(Stored data):
=== Begin Enclosure ===
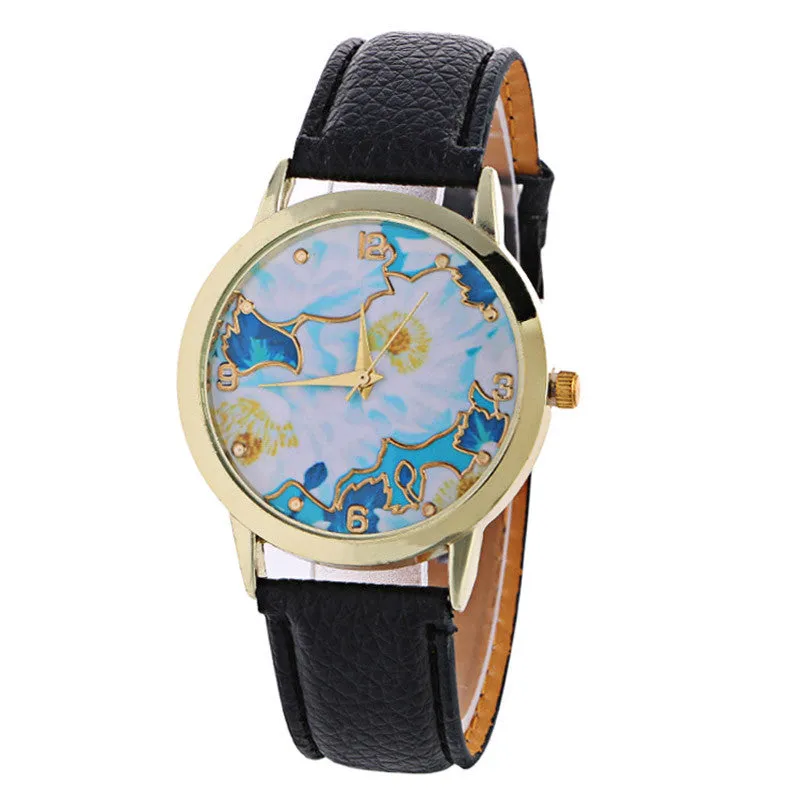 Ladies Fashion Girl Quartz Watch Clock Women Leather Brand Casual Dress Women's Flower Wristwatch Cool Watches Unique Watches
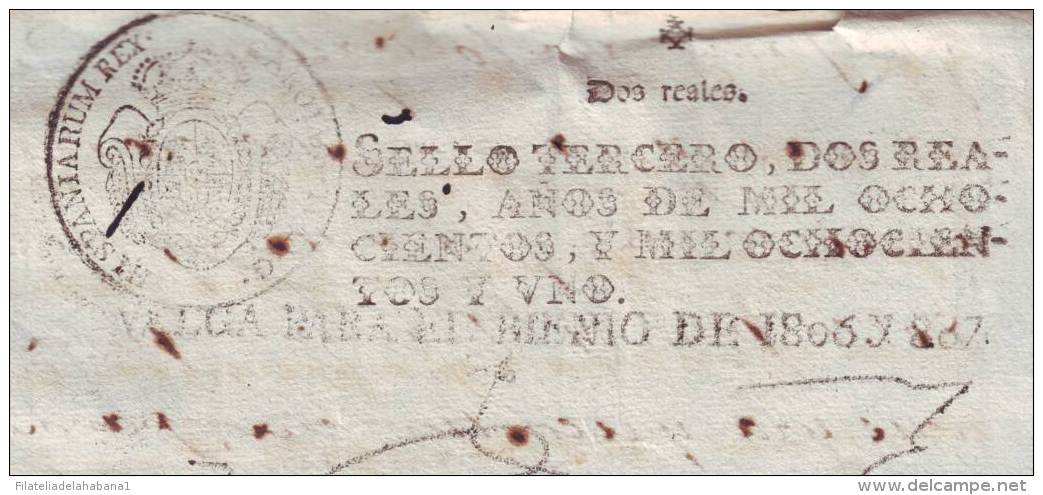 1808-PS-51 BX6608 CUBA SPAIN PUERTO RICO SEALLED PAPER 1808-9 3RO ESPAÑA PAPEL SELLADO - Portomarken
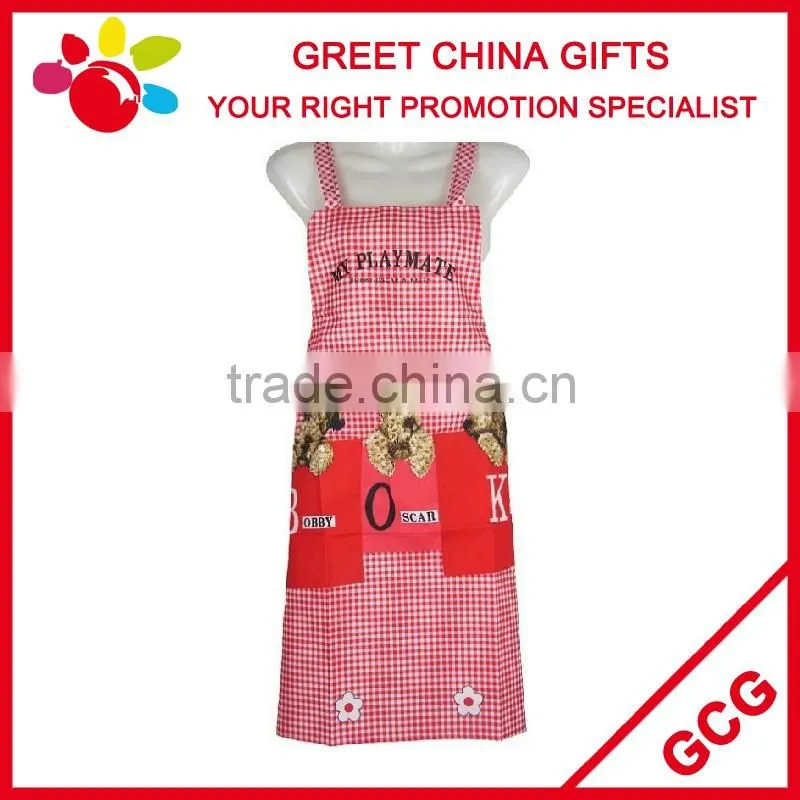 Polyester Cotton Blended Mixed Color Custom Bib Kitchen Apron with Pockets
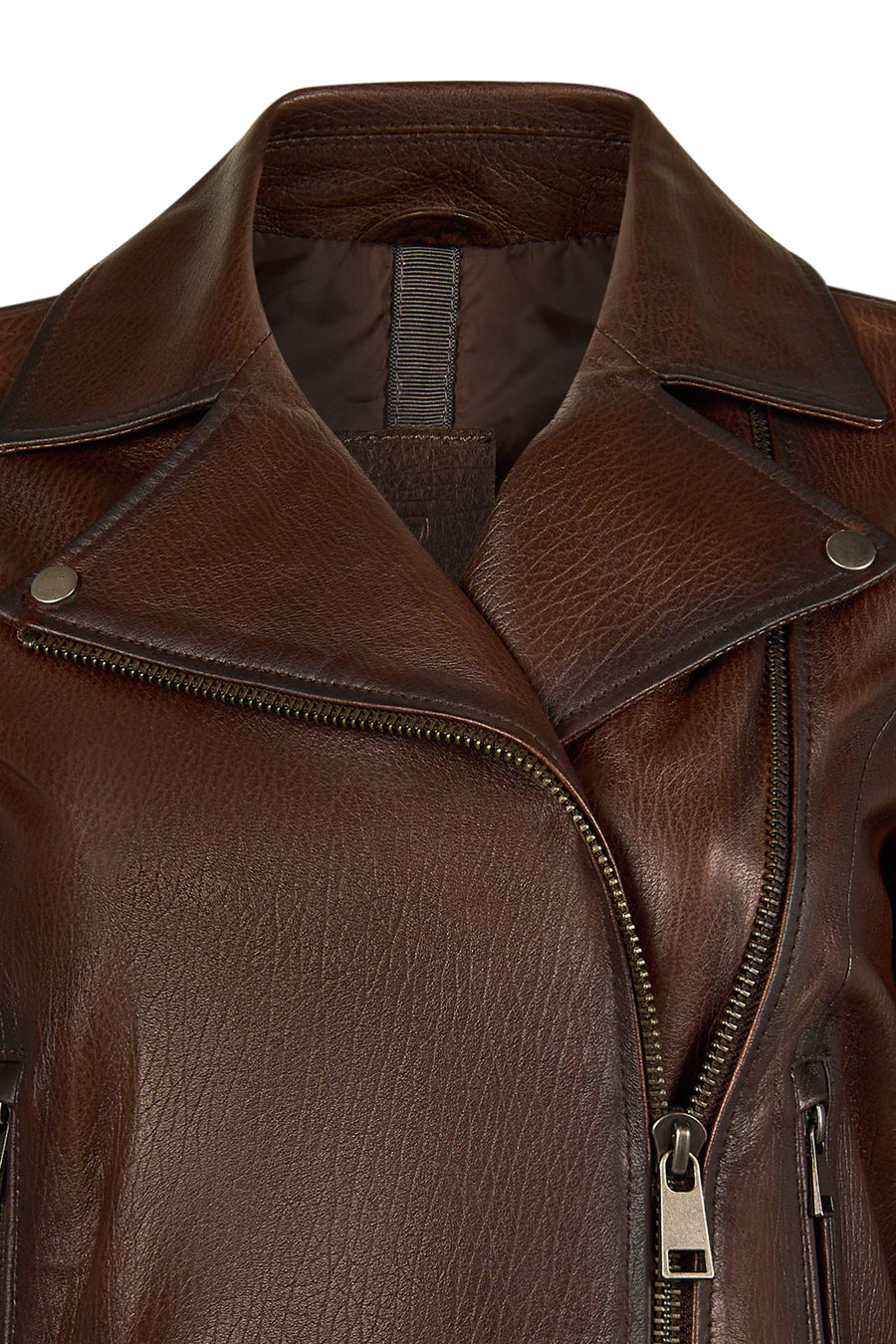 Melody Woman Brown Short Leather Jacket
=== End Enclosure ===
(Task): Only the pictures are to be omitted; restate everything else above exactly.

(Answer for this exercise):
 Ladies Fashion Girl Quartz Watch Clock Women Leather Brand Casual Dress Women's Flower Wristwatch Cool Watches Unique Watches
 1808-PS-51 BX6608 CUBA SPAIN PUERTO RICO SEALLED PAPER 1808-9 3RO ESPAÑA PAPEL SELLADO - Portomarken
 Polyester Cotton Blended Mixed Color Custom Bib Kitchen Apron with Pockets
 Melody Woman Brown Short Leather Jacket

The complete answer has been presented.